- _RECORDS FOR THE EXERCISE_:
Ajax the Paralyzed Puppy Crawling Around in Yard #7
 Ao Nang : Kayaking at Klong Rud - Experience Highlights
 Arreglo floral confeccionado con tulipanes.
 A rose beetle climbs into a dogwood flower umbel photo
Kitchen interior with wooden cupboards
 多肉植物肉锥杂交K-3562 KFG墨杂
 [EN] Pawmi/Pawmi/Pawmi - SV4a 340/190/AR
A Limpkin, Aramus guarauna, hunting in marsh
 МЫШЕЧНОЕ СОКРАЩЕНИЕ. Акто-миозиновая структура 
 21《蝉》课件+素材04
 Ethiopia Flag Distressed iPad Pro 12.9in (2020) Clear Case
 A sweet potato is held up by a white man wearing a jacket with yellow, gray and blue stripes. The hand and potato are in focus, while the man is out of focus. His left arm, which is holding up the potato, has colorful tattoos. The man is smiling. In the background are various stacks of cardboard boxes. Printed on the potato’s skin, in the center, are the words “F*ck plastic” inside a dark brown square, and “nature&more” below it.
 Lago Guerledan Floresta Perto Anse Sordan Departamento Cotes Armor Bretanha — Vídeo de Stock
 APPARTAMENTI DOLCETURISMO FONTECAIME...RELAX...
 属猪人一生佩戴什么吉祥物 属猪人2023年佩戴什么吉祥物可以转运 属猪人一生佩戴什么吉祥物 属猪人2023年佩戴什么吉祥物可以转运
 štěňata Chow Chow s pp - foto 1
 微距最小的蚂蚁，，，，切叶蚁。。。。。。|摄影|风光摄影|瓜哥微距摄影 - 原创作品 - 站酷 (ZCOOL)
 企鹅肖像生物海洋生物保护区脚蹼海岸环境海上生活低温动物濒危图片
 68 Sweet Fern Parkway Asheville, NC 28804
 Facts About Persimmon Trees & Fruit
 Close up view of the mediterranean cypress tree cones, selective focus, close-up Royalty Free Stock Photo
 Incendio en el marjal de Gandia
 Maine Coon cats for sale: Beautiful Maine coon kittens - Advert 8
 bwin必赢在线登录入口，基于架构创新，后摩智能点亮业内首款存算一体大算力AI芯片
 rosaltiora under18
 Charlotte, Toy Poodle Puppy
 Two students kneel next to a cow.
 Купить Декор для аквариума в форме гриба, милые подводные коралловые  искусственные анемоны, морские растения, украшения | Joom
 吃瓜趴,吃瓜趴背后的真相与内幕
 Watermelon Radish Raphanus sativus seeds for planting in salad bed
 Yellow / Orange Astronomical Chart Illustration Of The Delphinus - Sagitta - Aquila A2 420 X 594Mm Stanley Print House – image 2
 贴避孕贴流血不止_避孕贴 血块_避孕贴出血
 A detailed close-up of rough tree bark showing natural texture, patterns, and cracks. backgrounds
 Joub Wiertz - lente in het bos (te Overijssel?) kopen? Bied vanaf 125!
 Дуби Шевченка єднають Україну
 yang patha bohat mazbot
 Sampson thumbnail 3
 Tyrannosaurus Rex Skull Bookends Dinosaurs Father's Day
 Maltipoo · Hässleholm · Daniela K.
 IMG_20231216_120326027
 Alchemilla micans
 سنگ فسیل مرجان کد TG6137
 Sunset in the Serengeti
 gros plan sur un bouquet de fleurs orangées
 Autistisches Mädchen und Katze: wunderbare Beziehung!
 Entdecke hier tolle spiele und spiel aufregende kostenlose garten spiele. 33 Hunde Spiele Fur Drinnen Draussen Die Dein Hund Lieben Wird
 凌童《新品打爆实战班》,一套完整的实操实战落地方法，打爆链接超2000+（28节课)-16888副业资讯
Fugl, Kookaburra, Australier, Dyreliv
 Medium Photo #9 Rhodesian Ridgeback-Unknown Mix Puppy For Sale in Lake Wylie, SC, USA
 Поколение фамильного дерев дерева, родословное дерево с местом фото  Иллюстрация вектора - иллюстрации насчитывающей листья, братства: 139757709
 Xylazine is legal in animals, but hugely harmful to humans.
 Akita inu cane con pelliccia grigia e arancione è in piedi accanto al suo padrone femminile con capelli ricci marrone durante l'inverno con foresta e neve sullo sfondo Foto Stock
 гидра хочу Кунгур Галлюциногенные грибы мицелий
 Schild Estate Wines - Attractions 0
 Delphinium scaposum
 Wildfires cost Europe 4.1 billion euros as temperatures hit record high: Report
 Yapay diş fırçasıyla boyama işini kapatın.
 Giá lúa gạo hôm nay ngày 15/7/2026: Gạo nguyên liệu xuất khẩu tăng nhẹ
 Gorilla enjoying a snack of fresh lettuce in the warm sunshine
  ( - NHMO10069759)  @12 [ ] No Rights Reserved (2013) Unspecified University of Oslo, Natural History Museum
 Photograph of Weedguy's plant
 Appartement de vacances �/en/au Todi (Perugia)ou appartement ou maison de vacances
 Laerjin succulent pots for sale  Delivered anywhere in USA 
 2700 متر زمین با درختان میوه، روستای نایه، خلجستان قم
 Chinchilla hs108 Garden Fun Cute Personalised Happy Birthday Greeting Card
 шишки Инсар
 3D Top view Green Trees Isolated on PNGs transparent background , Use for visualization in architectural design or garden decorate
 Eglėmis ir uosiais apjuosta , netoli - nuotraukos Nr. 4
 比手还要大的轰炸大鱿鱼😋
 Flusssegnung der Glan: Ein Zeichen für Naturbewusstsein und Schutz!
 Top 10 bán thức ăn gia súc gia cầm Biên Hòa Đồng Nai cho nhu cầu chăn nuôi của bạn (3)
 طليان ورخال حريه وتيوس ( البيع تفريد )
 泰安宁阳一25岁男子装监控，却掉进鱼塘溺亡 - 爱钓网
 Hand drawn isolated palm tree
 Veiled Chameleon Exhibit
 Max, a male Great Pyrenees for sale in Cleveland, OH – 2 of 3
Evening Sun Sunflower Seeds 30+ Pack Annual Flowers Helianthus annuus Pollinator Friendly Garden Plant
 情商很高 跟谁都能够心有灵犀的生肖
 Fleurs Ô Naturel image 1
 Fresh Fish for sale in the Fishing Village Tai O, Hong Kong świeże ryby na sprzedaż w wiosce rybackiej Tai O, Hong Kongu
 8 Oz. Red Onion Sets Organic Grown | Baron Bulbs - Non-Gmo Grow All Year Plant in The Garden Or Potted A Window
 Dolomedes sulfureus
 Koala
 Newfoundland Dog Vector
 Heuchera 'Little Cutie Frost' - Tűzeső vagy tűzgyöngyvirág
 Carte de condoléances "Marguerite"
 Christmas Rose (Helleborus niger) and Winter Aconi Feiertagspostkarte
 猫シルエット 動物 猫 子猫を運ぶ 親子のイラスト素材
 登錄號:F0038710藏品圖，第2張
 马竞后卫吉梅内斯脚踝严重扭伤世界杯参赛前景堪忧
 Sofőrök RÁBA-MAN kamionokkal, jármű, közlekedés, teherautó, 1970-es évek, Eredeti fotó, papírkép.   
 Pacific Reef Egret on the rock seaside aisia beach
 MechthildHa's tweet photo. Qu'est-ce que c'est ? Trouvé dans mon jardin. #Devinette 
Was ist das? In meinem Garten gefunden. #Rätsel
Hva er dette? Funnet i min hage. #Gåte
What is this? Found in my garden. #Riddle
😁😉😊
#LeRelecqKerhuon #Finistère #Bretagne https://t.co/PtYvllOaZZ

- _WHAT THE EXERCISE ASKS_:
Please copy the lines above from the line with "Incendio en el marjal de Gandia" up to and including the line with "Two students kneel next to a cow.", exactly as written and with nothing else.

- _FINISHED TASK_:
 Incendio en el marjal de Gandia
 Maine Coon cats for sale: Beautiful Maine coon kittens - Advert 8
 bwin必赢在线登录入口，基于架构创新，后摩智能点亮业内首款存算一体大算力AI芯片
 rosaltiora under18
 Charlotte, Toy Poodle Puppy
 Two students kneel next to a cow.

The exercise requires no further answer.